膨らまない話。

Tyurico's blog

屋根のてっぺんに花を植える住まい

 

 
幕末の日本にやって来た英国のプラントハンター、ロバート・フォーチュンの本を読んでいる。
プラントハンターって書くと珍しい植物で一攫千金狙いの山師みたいにも聞こえてしまうが、フォーチュンという人は何よりまず植物、園芸が好きでたまらない人だったようだ。本書にはそういう人の驚きや興奮があちこちに綴られている。そういう人が江戸時代幕末の日本に来たらそれこそたまらないだろう。なにせ当時世界一と言っていい園芸大国だったんだから。

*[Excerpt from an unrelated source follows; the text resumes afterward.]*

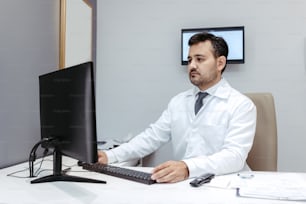 コンピューターのモニターの前に座っている男性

その中で、ほとんどの農家の茅葺き屋根のてっぺんにはイチハツが生えているという記述(第三章 途中の景色)がわからなくて、「イチハツ」って何だろうとネットで調べてみた。すぐ調べられるから今は便利だ。
 
イチハツはアヤメの仲間で、昔は茅葺き屋根のてっぺんに補強の目的でよく植えられていた。根が補強の役割をする。これを「芝棟」という。イチハツの原産地は中国と考えられるが、日本の農家の屋根に植わっていたのを西洋人が見て、それで Japanese Roof Iris なんて英語名もある、など。
生えていたのではなく、目的があって植えていたのだ。

亘理芝棟コレクション


さて、調べている時にあるブログが、フランスのノルマンディー地方の家の屋根にはアイリスが植えられている、と書いているのを見つけた。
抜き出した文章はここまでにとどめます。